Uzun zamandan beri kuşkuları vardı.
Sadakatle bağlı olduğu lordunun, Roswaal L. Mathers’ın nihai amacına ulaşabilmesi uğruna Lugnica Krallığını koruyan『Ejderhanın』öldürülmesi gerekiyordu.
Ram da Roswaal’ın bu planının hayati ve vazgeçilmez bir parçasıydı, bunu bizzat Roswaal’ın kendisinden duyuşunun üzerinden on yıla yakın süre geçmişti.
Ram ve ■■■’i Oni klanının kızıl alevlerle sarılmış köyünden kurtaran Roswaal, tazminat arayışındaydı.
Ve Ram da Oni klanının intikamının alınması karşılığında o tazminatı ödemeye karar vermişti.
Yani ister『Ejderhayı』öldürme planı olsun, ister başka bir şey, iş birliği yapacaktı.
Ancak kendi içinde yanıt bulamadığı tek bir şey vardı, o da『Ejderhayı』öldürmenin yoluydu.
Kolay bir iş değildi. Planlar yapılsa, önlemler alınsa bile kolay olmayacaktı. O an gelecek olursa, Ram ne yapabilecekti ki?
“Zamanı geldiğinde bileceksin. ーーRolünüzü, yalnızca abla ve ■ ■ ikilisinin yerine getirebileceği o rolü anlayacaksın.”
Bir zamanlar duyduğu bu şeyleri parça parça anımsıyordu.
Tuhaftır ki bugüne dek ne anlama geldikleri üzerine hiç derinlemesine düşünmemişti amaーー
“Roswaal-sama’nın hedeflediği şeyi, nihayet anladım.”
Roswaal'ın tüm eylemleri, uzun yaşamı boyunca kenetlendiği nihai hedefi içindi.
Kendisini Lugnica Krallığının derinliklerine bu amaçla gizlemiş, Ram ve ■■■’i bu amaçla kurtarmış, 『Sığınağı』bir mihenk taşı olarak bu amaçla kontrol altında tutmuş, Natsuki Subaru’yu bu amaçla test etmişti.

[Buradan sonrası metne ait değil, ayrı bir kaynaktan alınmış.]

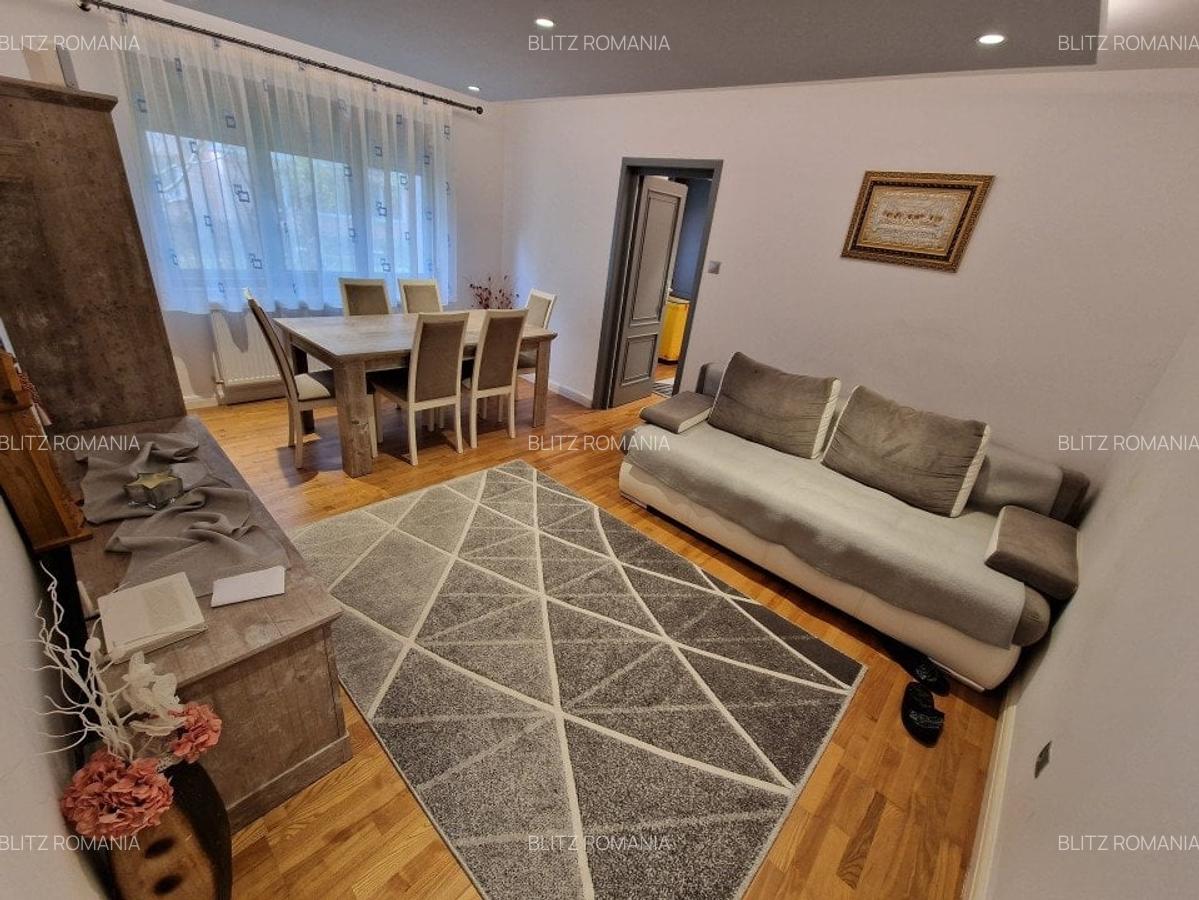 Apartament de vanzare, 2 camere, 45 mp, zona centrala - 1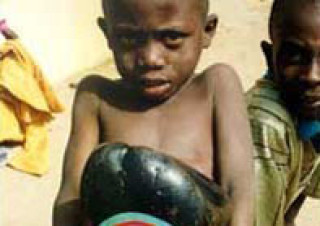 black boy senegal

Orijinal planını kaçınılmaz olarak değiştirmek zorunda kalsa da o ana kadarki tüm hazırlıkları nafile değildi. ーーYo, nafile olmalarına izin veremezdi, Roswaal da öyle biriydi.
Dolayısıyla Ram, cevabı kendi içerisinde bulmuştu.
Roswaal’ın Oni abla ■ ■ ikilisinin velayetini alma sebebini anlamıştı.
■ ■, Ram’ın kayıp boynuzunun yedeği olarak alınmıştı.
Roswaal, abla ■ ■ olan Ram ve ■■■ ikilisini tek bir Oni gibi kullanarak『Ejderhayı』öldürme amacıyla onları eline almıştı.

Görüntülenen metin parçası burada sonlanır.